As was stated in Succar and Wawanesa Mutual Insurance Co. and Zurich Insurance Company (OIC A-012273 and A-014717, March 20, 1996), the making of a special award is mandatory only if the Arbitrator finds that an insurer "has unreasonably withheld or delayed payments." And in asking herself whether the Insurer acted in "an imprudent, inflexible or immoderate manner in adjusting the file," the Arbitrator was simply applying a pithier version of the accepted test of unreasonable behaviour defined by Arbitrator Palmer in Plowright and Wellington Insurance Company, (OIC A-003985, October 29, 1993), as "behaviour which was excessive, imprudent, stubborn, inflexible, unyielding or immoderate." This means that the Arbitrator was indeed considering the proper test of whether the insurer unreasonably withheld or delayed payments.
Mr. Brookes cites as evidence of the insurer's unreasonableness, among other things, submissions made at the hearing by Aviva and various letters to Mr. Brookes from Aviva. However, it was up to the Arbitrator to determine whether or not that test had been met. Each of the elements Mr. Brookes identifies in his submissions as supposedly indicating unreasonable behavior would be subject to the weight to be given it by the Arbitrator. I have no reason to doubt that the Arbitrator reviewed the evidence, and she was not so persuaded of its weight. Accordingly, I have no basis on which to substitute my own special award.

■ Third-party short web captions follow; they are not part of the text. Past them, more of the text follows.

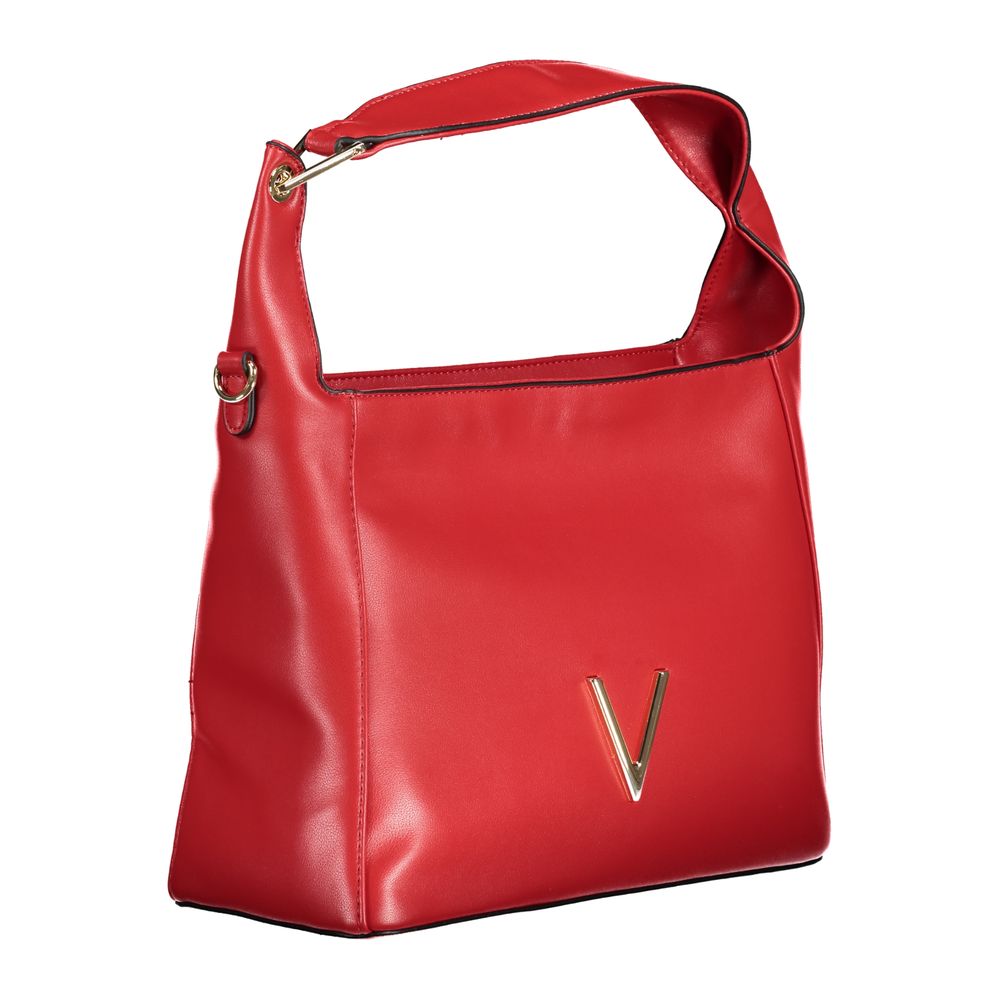 Valentino Bags Red Polyethylene Handbag - Luksuslaukut ja asusteet Valentino Bags - Tutustu YVES JAVANNI® 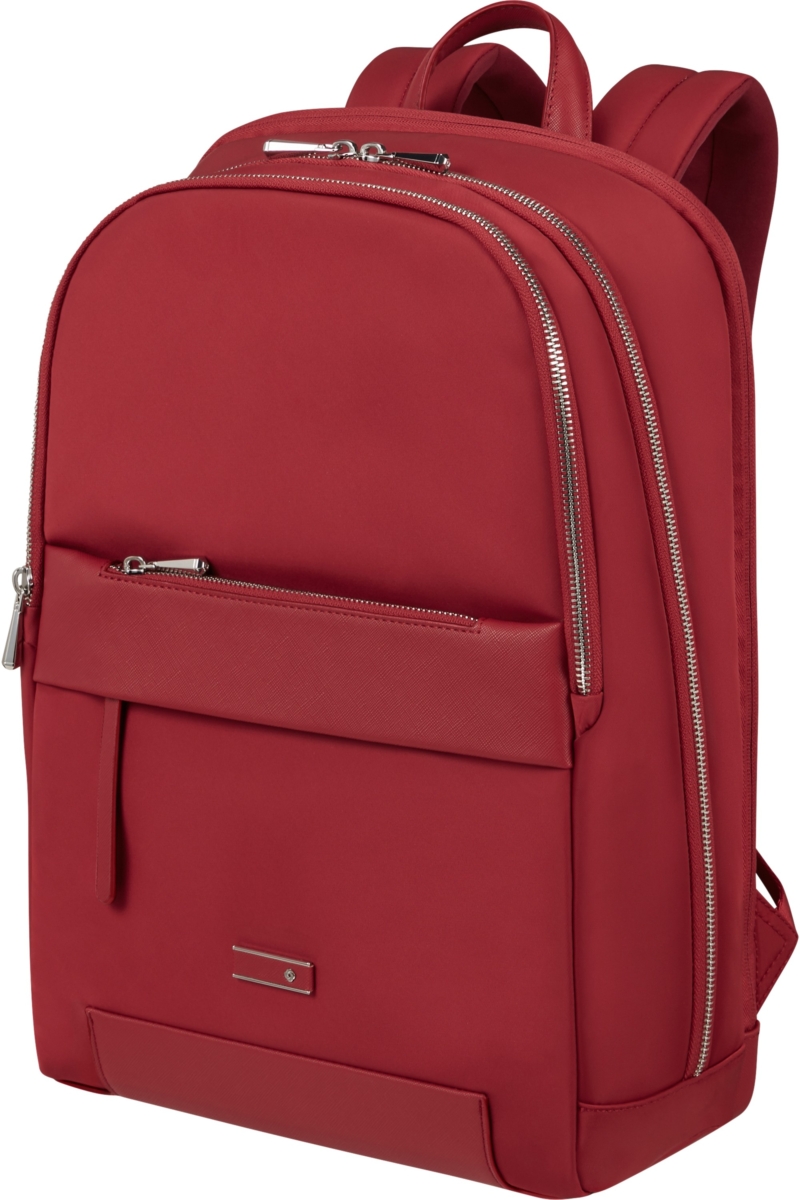 Samsonite zaino in tessuto "Zalia 3 Rosso 147734.1267 DARK RED - immagine 2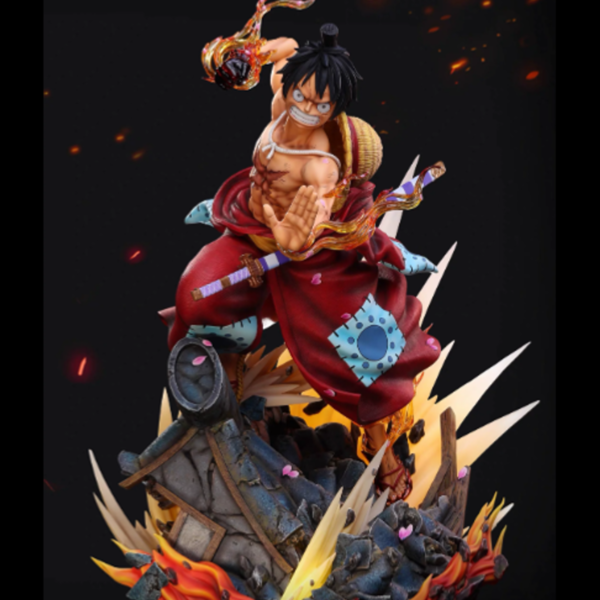 Wano Country Luffy 1/4 – One Piece | Lightyear Studio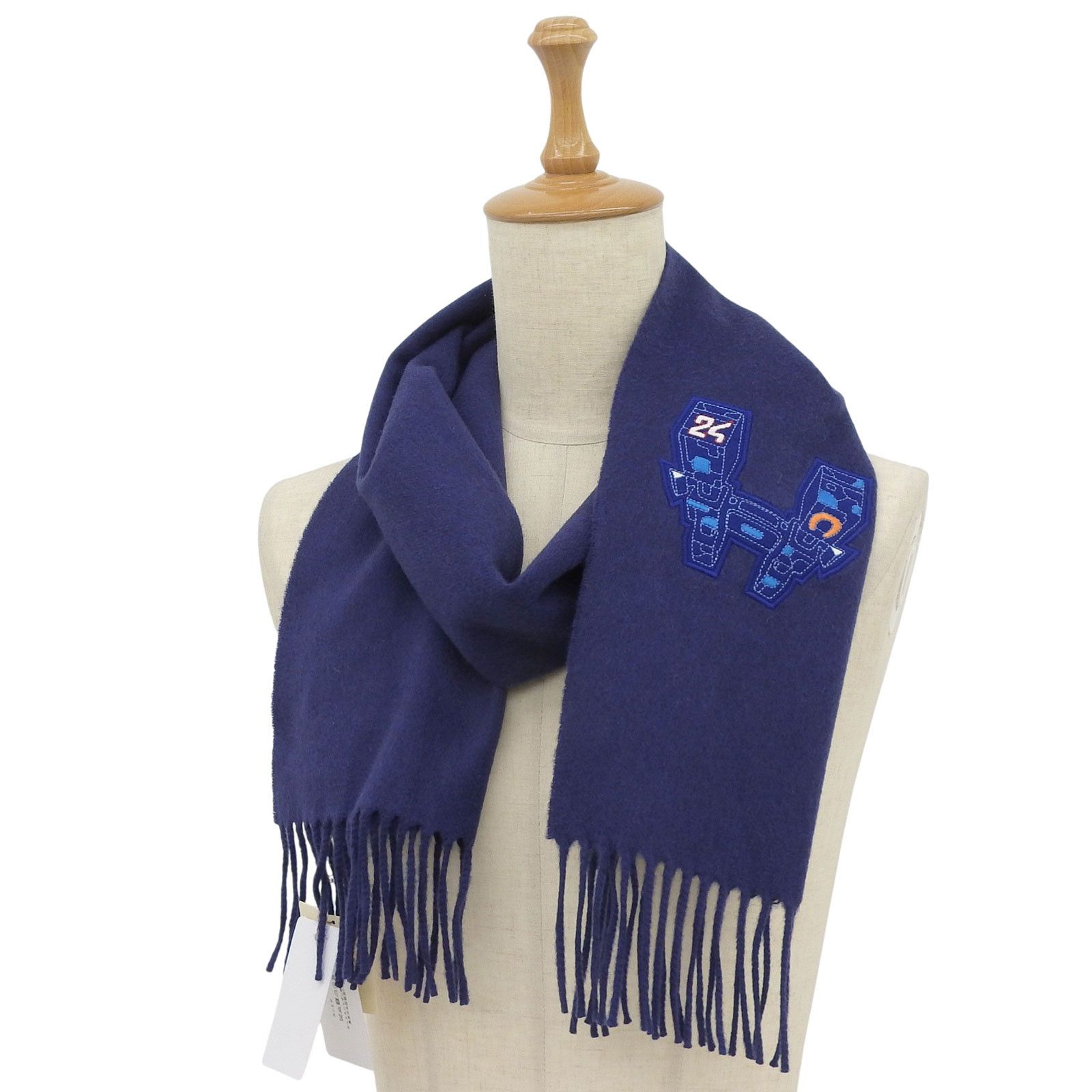 Hermes Hermes Hermès IMPRIME HERMES ODYSEE Cashmere Scarf Others Scarf DUTY FREE for USA Size ONE SIZE - 2 Thumbnail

In conclusion, the Arbitrator's reasons refer to the principal evidence she relied upon and provide a justification for her conclusions. For the reasons set out above, I have no reason to intervene in any of her findings. Consequently, the appeal is dismissed.
IV. EXPENSES
If the parties are unable to agree on the legal expenses of this appeal, pursuant to Rule 79.2 of the Dispute Resolution Practice Code, Fourth Edition (Updated August 2011), an expense hearing shall be requested within sixty days of this decision. The request shall be accompanied by a Bill of Costs describing the expenses claimed, the services received and the costs, as well as written submissions regarding entitlement to or the quantum of these expenses, or both, as are in dispute.
February 9, 2012
David Evans Director's Delegate
Date
Footnotes
- The Statutory Accident Benefits Schedule — Accidents after December 31, 1993 and before November 1, 1996, Ontario Regulation 776/93, as amended.
- As determined in Brookes and Aviva Canada Inc., (FSCO A06-002426, November 7, 2007). This affects the calculation of the LECB because according to s. 29(3) the PEC determination is not limited to the person's actual pre-accident earnings (or pre-accident job offer).
- In an earlier preliminary issue decision, I did not allow in the third REC DAC as fresh evidence.
- When there was an earlier LECB offer.
- This subsection provides that "Disputes in respect of any insured person's entitlement to statutory accident benefits or in respect of the amount of statutory accident benefits to which an insured person is entitled shall be resolved in accordance with sections 280 to 283 and the Statutory Accident Benefits Schedule."